C’était, comme on voit, le « coup de foudre » dans toute sa magnificence. Mais, cette fois, à l’inverse des cas les plus communs, tout semblait prouver que la foudre était tombée en même temps dans les deux sens et que deux éclairs, jaillis de deux êtres, s’étaient croisés, si bien que cet échange d’étincelles avait frappé l’un et l’autre, simultanément, d’une commotion puissante, inouïe et délicieuse. Voilà qui est rare.

Cette pauvre Geneviève Le Tourneur, ayant assumé la responsabilité de chaperonner Rita, s’aperçut très vite de la réalité. Elle le fit bien voir en s’agitant, en remuant les doigts sur un piano imaginaire, en prêtant à son visage une expression effarée.
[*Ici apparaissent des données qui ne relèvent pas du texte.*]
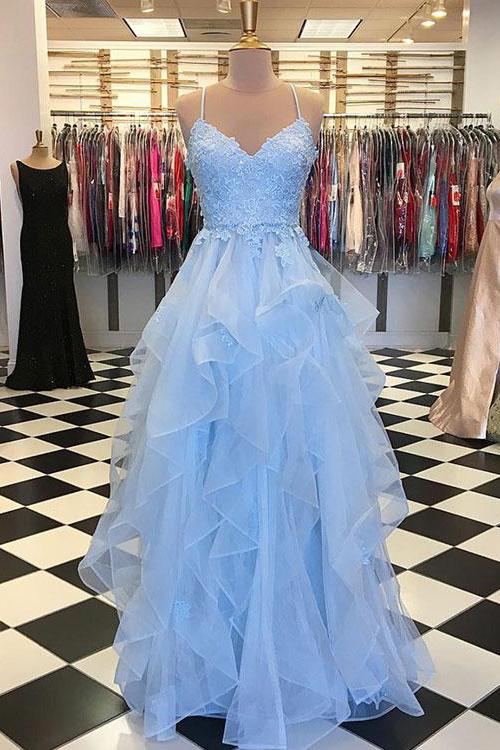 blue tulle long prom dress layered 8th graduation gown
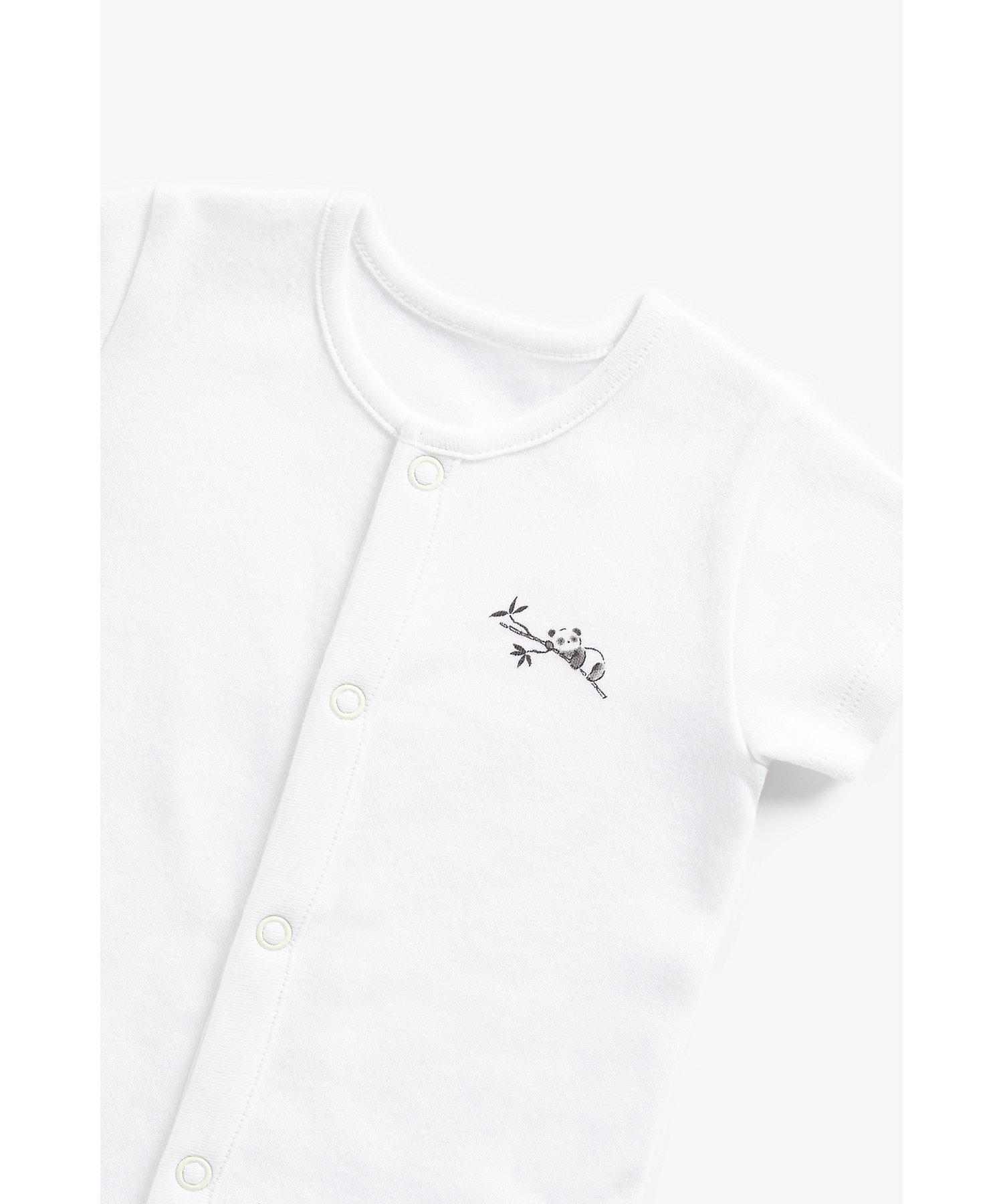 Mothercare Unisex 100% Cotton Spots and Pretty Prints Bodysuit - Pack of 3 - White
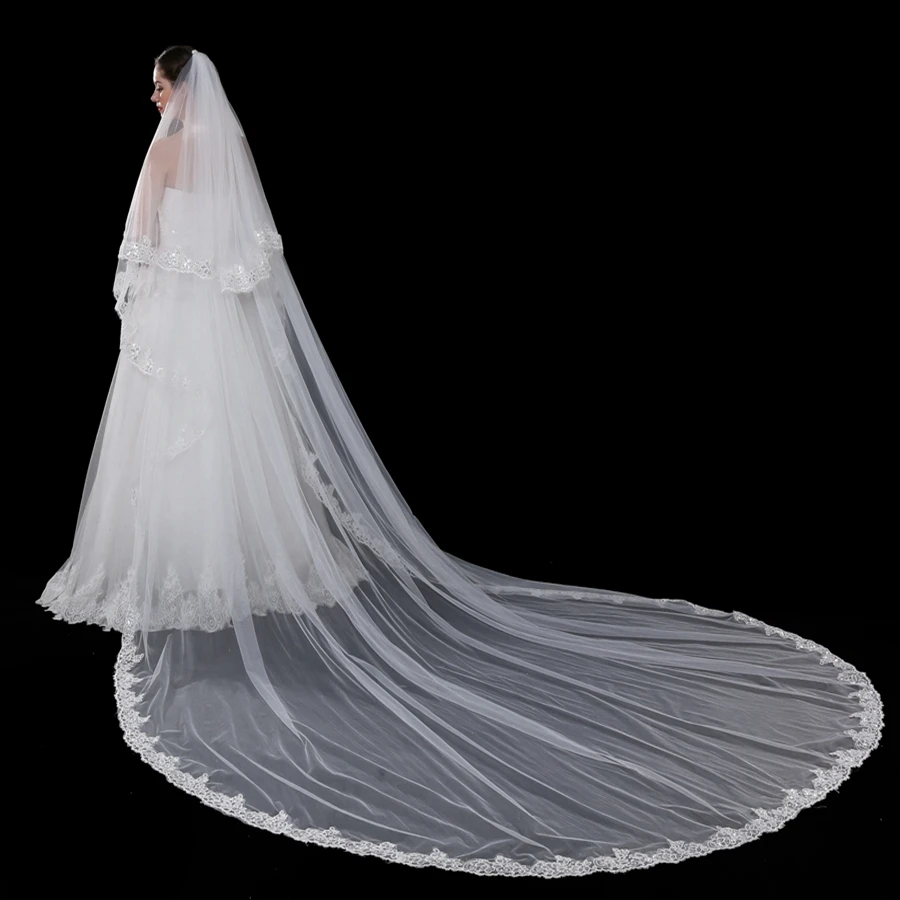 Neue Ankunft Weiß Elfenbein Spitze Rand Hochzeit schleier Zwei schichten Braut schleier für frauen hochzeit zubehör Velos de novia Braut schleier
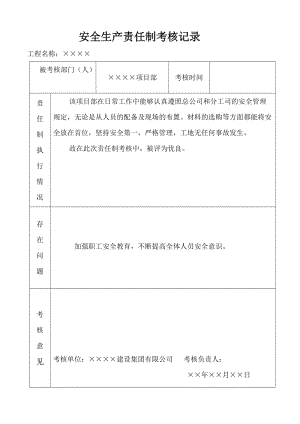 项目部安全生产责任制考核记录.doc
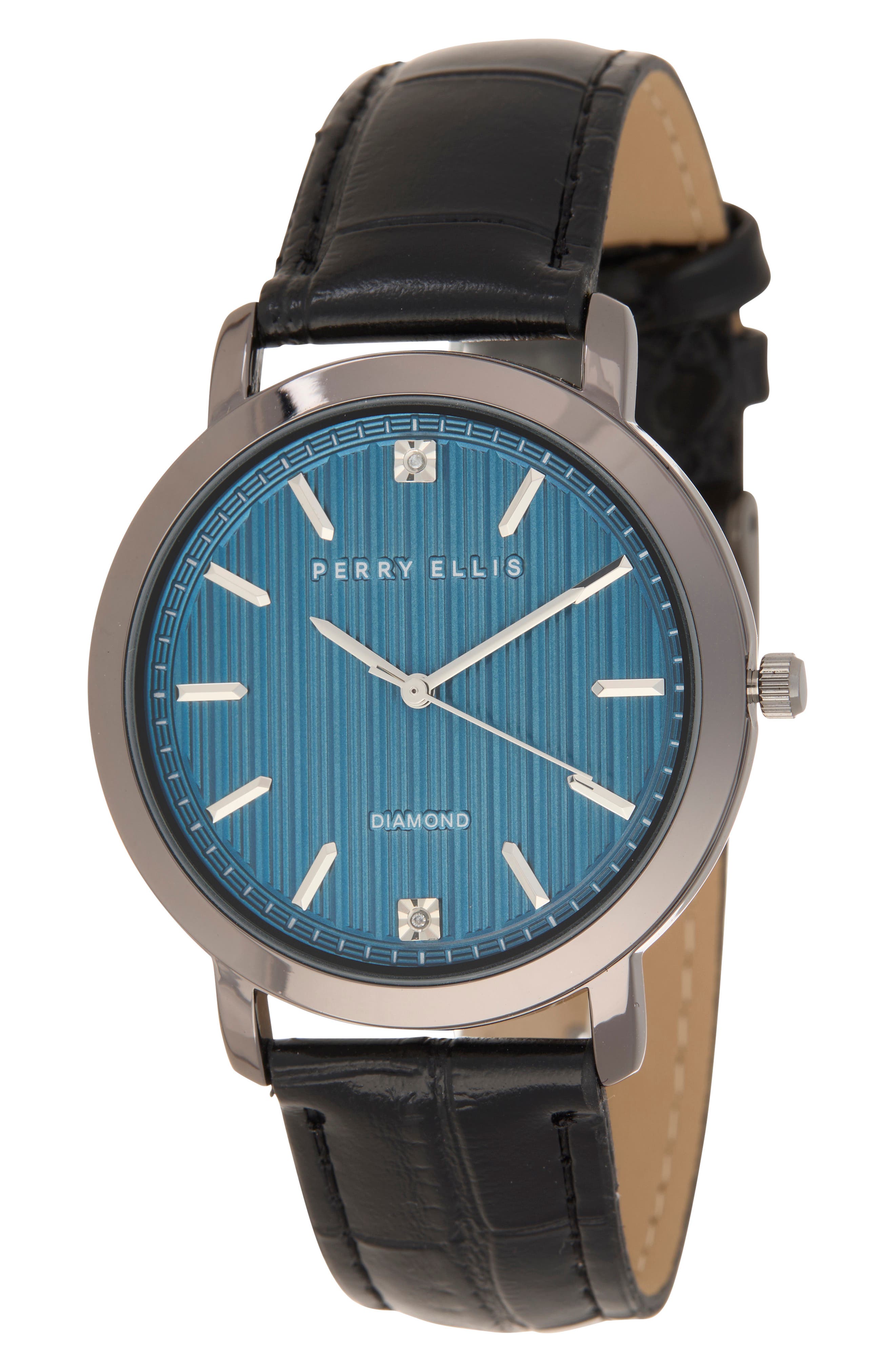 Perry Ellis Gunmetal Stripe Dial Diamond Accent Leather Strap Watch, 41mm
Mais Rita ne remarquait rien, ou se riait de tout.

Geneviève semblait ne plus exister pour elle, qui s’abandonnait aux joies d’un dialogue admirablement banal, mais où ils se complaisaient, elle et Charles, à s’entendre parler tour à tour. Charles ne pouvait douter des sentiments de Rita ; à vrai dire, dans l’état de son cœur, il n’en eût pas douté, même si ces sentiments n’avaient pas été tels qu’il les souhaitait. Geneviève étant femme et spectatrice sans passion, ne s’y trompait pas.

Ainsi, quoique vainement, donnait-elle ces témoignages d’inquiétude et de réprobation. Délaissée, elle finit par se lever, et, jetant à Rita un regard chargé d’une foule d’avertissements, elle s’éloigna d’un pas nonchalant.

Ce fut pour revenir presque aussitôt et pour dire :

— Nous arrivons à l’île d’Aix.

Elle avait l’air contente de rompre l’intimité de ce doux entretien, auquel les Grecs auraient donné le nom chantant « d’oaristys ».